### HOW TO COMPLETE THIS TASK:
Go to the line holding "Black Butterfly 7/8" in the data below and repeat it exactly, then each line after it up to and including the one holding "Pinterest Junk Journal". Omit pictures.

### PROVIDED MATERIAL:
════════════════════

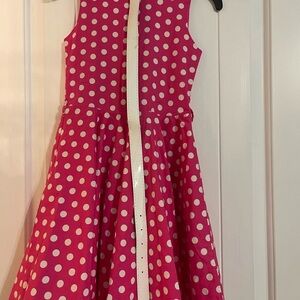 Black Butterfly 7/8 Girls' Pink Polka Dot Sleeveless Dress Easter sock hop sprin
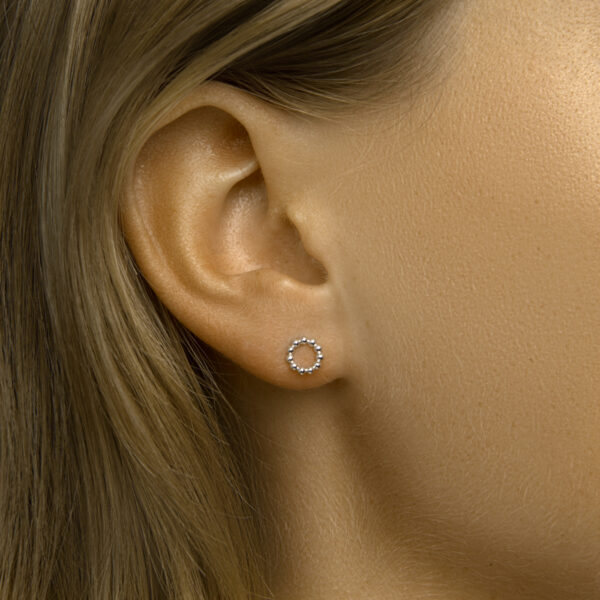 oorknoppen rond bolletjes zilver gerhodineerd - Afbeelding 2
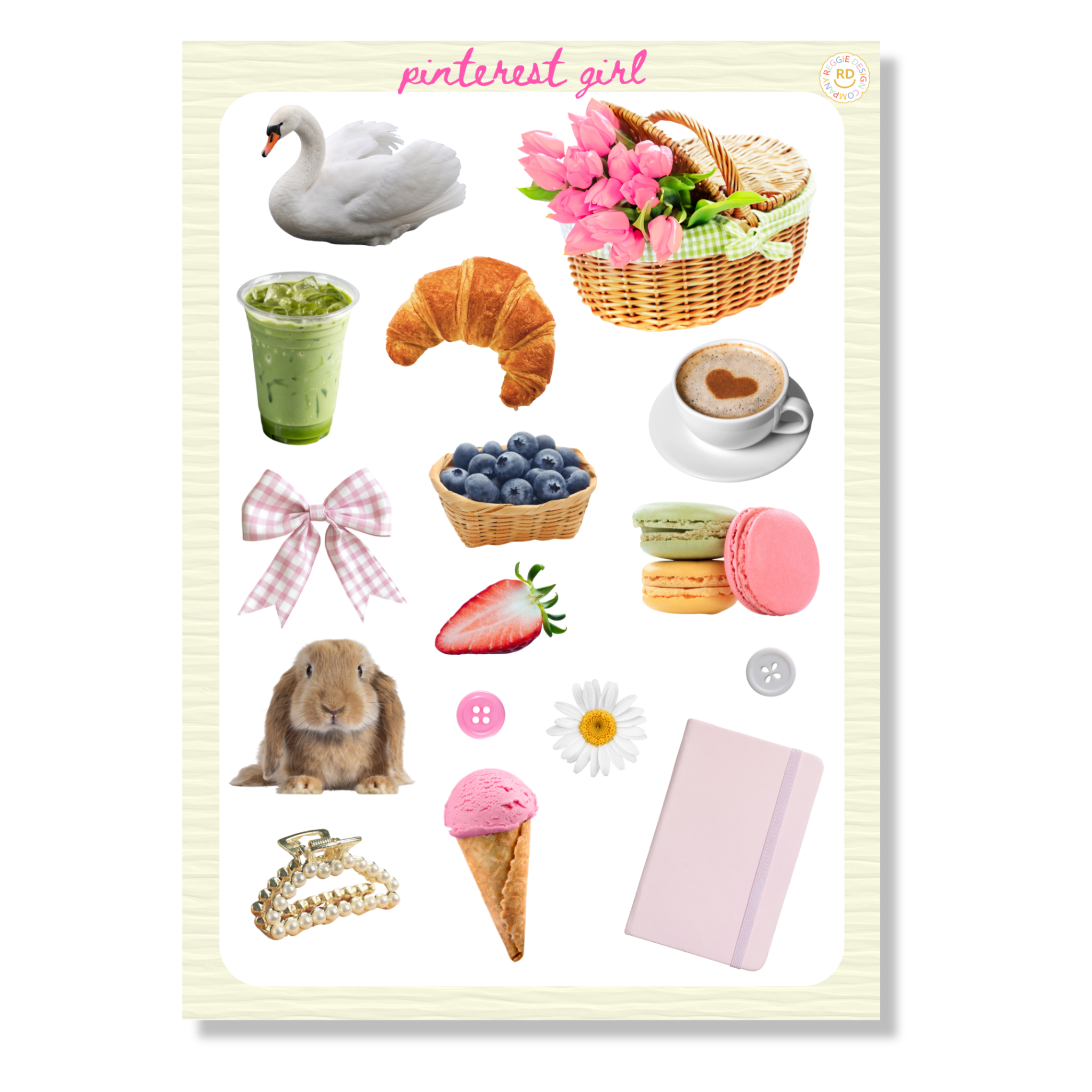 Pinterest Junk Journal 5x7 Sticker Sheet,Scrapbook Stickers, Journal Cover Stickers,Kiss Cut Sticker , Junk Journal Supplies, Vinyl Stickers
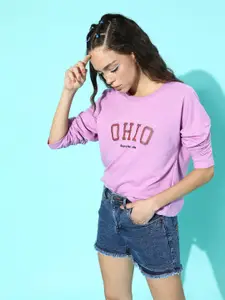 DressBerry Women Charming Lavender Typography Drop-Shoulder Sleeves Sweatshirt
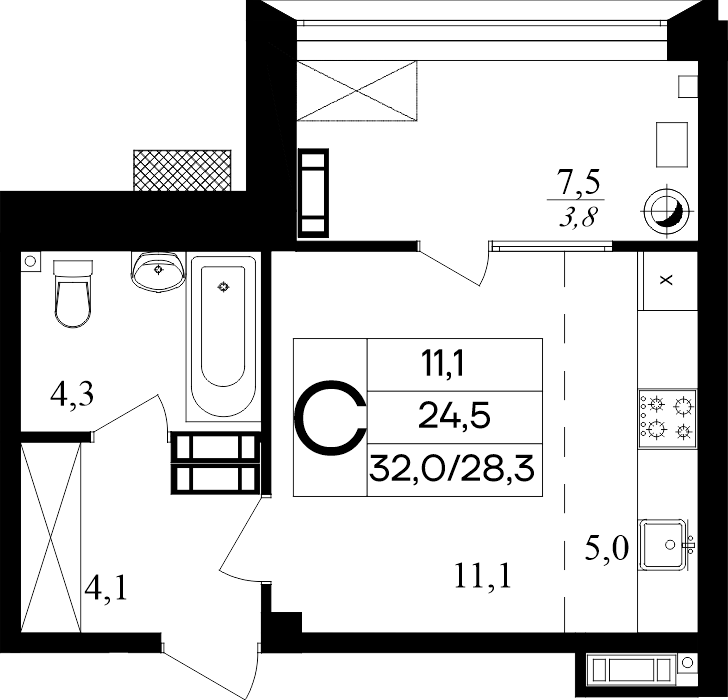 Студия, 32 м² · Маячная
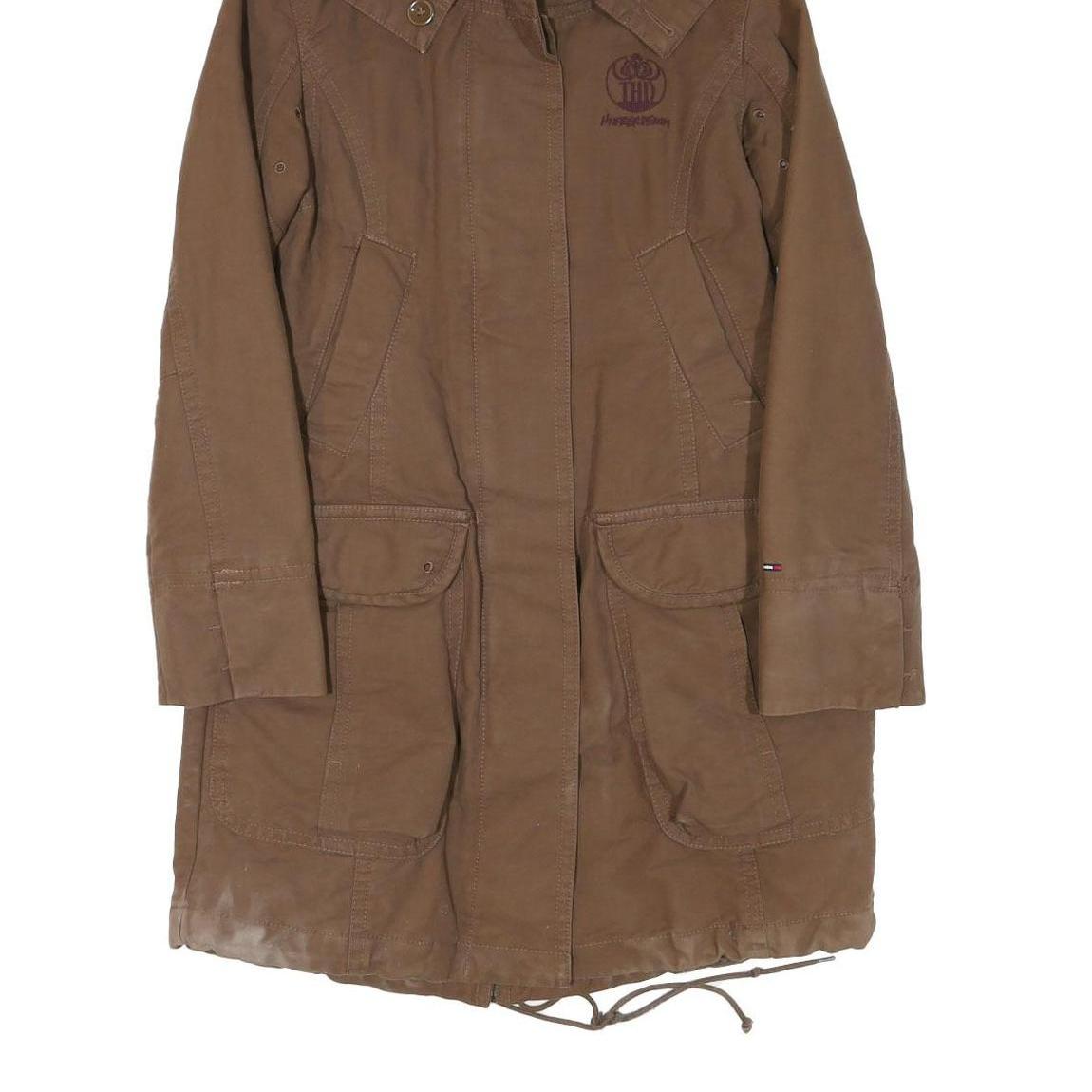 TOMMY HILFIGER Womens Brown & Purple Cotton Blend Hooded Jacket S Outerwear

════════════════════

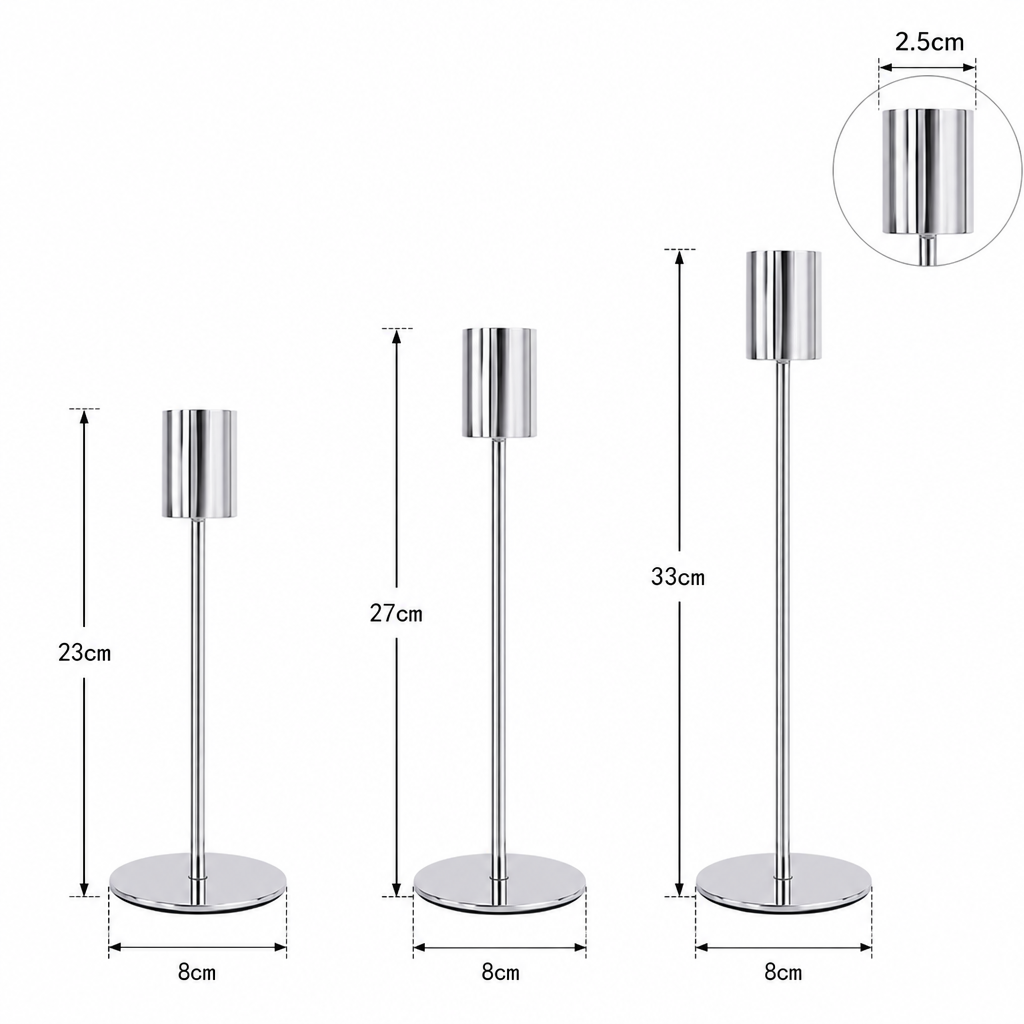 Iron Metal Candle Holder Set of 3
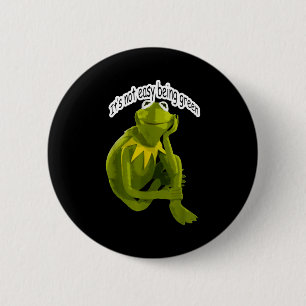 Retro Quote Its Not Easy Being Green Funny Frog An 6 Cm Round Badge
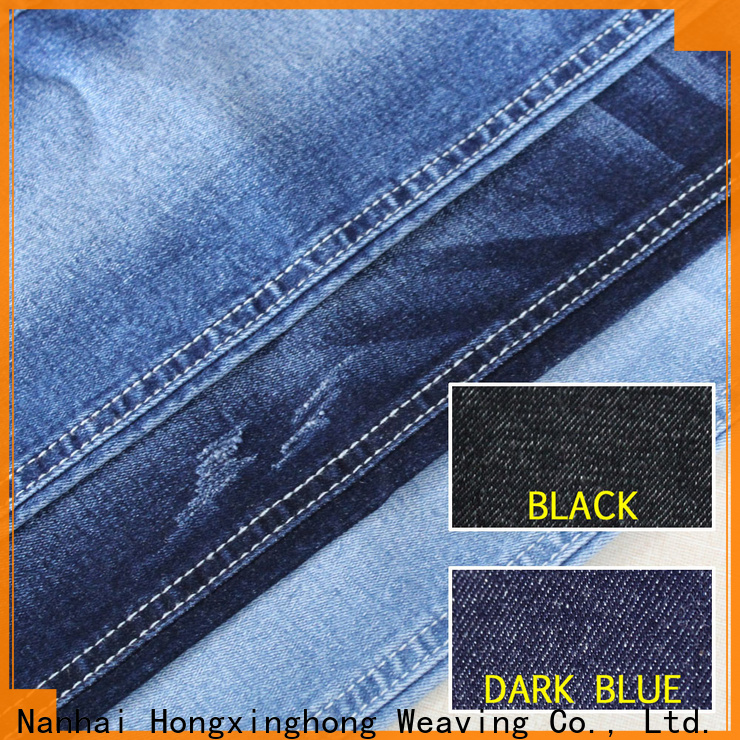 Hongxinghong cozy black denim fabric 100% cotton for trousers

════════════════════

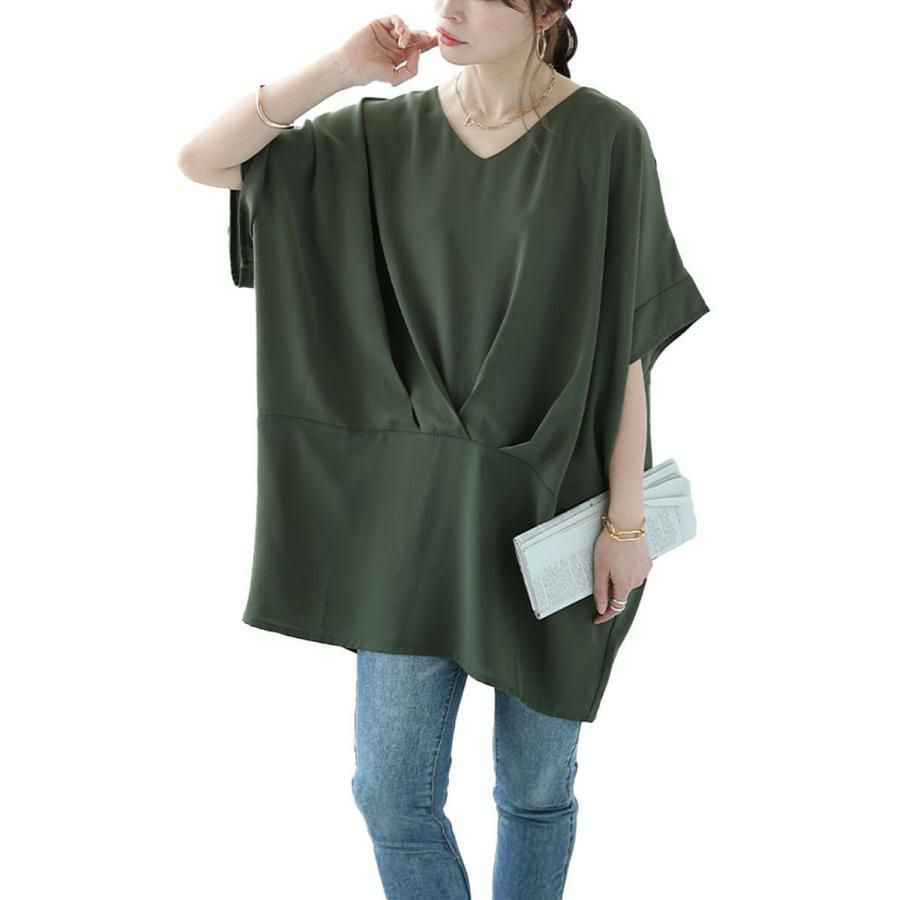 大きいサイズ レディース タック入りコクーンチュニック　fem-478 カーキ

════════════════════

### RESULT FOR THIS EXERCISE:
 Black Butterfly 7/8 Girls' Pink Polka Dot Sleeveless Dress Easter sock hop sprin
 oorknoppen rond bolletjes zilver gerhodineerd - Afbeelding 2
 Pinterest Junk Journal 5x7 Sticker Sheet,Scrapbook Stickers, Journal Cover Stickers,Kiss Cut Sticker , Junk Journal Supplies, Vinyl Stickers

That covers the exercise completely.